Troubleshoot port exhaustion issues

TCP and UDP protocols work based on port numbers used for establishing connection. Any application or a service that needs to establish a TCP/UDP connection will require a port on its side.

There are two types of ports:

  • Ephemeral ports, which are usually dynamic ports, are the set of ports that every machine by default will have them to make an outbound connection.
  • Well-known ports are the defined port for a particular application or service. For example, file server service is on port 445, HTTPS is 443, HTTP is 80, and RPC is 135. Custom application will also have their defined port numbers.

Clients when connecting to an application or service will make use of an ephemeral port from its machine to connect to a well-known port defined for that application or service. A browser on a client machine will use an ephemeral port to connect to https://www.microsoft.com on port 443.

In a scenario where the same browser is creating a lot of connections to multiple website, for any new connection that the browser is attempting, an ephemeral port is used. After some time, you will notice that the connections will start to fail and one high possibility for this would be because the browser has used all the available ports to make connections outside and any new attempt to establish a connection will fail as there are no more ports available. When all the ports are on a machine are used, we term it as port exhaustion.

Default dynamic port range for TCP/IP

To comply with Internet Assigned Numbers Authority (IANA) recommendations, Microsoft has increased the dynamic client port range for outgoing connections. The new default start port is 49152, and the new default end port is 65535. This is a change from the configuration of earlier versions of Windows that used a default port range of 1025 through 5000.

You can view the dynamic port range on a computer by using the following netsh commands:

  • netsh int ipv4 show dynamicport tcp
  • netsh int ipv4 show dynamicport udp
  • netsh int ipv6 show dynamicport tcp
  • netsh int ipv6 show dynamicport udp

The range is set separately for each transport (TCP or UDP). The port range is now a range that has a starting point and an ending point. Microsoft customers who deploy servers that are running Windows Server may have problems that affect RPC communication between servers if firewalls are used on the internal network. In these situations, we recommend that you reconfigure the firewalls to allow traffic between servers in the dynamic port range of 49152 through 65535. This range is in addition to well-known ports that are used by services and applications. Or, the port range that is used by the servers can be modified on each server. You adjust this range by using the netsh command, as follows. The above command sets the dynamic port range for TCP.

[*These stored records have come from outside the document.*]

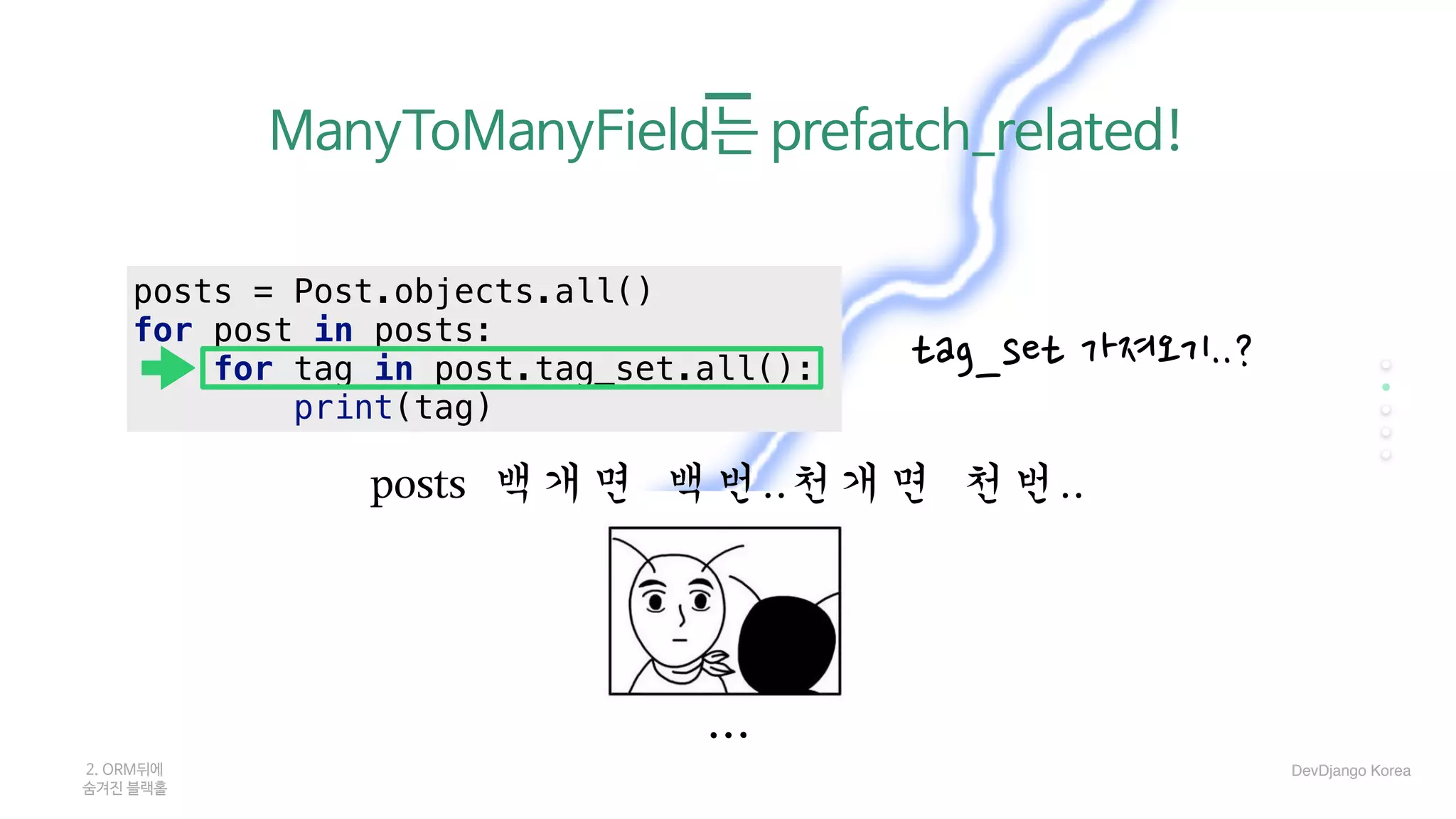 ManyToManyField는 prefatch_related!

posts = Post.objects.all()
for post in posts:
for tag in post.tag_set.all():
print(tag)
2. ORM뒤에 

숨겨진 블랙홀
tag_set 가져오기..?
posts	백개면	백번..천개면	천번..
…
DevDjango Korea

netsh int <ipv4|ipv6> set dynamic <tcp|udp> start=number num=range

The start port is number, and the total number of ports is range. The following are sample commands:

  • netsh int ipv4 set dynamicport tcp start=10000 num=1000
  • netsh int ipv4 set dynamicport udp start=10000 num=1000
  • netsh int ipv6 set dynamicport tcp start=10000 num=1000
  • netsh int ipv6 set dynamicport udp start=10000 num=1000

These sample commands set the dynamic port range to start at port 10000 and to end at port 10999 (1000 ports). The minimum range of ports that can be set is 255. The minimum start port that can be set is 1025. The maximum end port (based on the range being configured) cannot exceed 65535. To duplicate the default behavior of Windows Server 2003, use 1025 as the start port, and then use 3976 as the range for both TCP and UDP. This results in a start port of 1025 and an end port of 5000.

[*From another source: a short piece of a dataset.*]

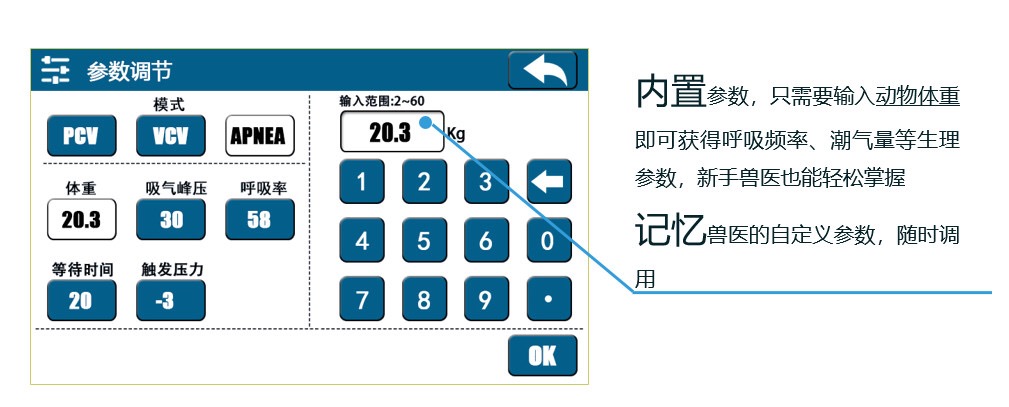 5-參數(shù)調節(jié).jpg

Specifically, about outbound connections as incoming connections will not require an Ephemeral port for accepting connections.

Since outbound connections start to fail, you will see a lot of the below behaviors:

  • Unable to sign in to the machine with domain credentials, however sign-in with local account works. Domain sign-in will require you to contact the DC for authentication which is again an outbound connection. If you have cache credentials set, then domain sign-in might still work.

    Screenshot of error for NETLOGON in Event Viewer

  • Group Policy update failures:

    Screenshot of event properties for Group Policy failure

  • File shares are inaccessible:

    Screenshot of error message "Windows cannot access"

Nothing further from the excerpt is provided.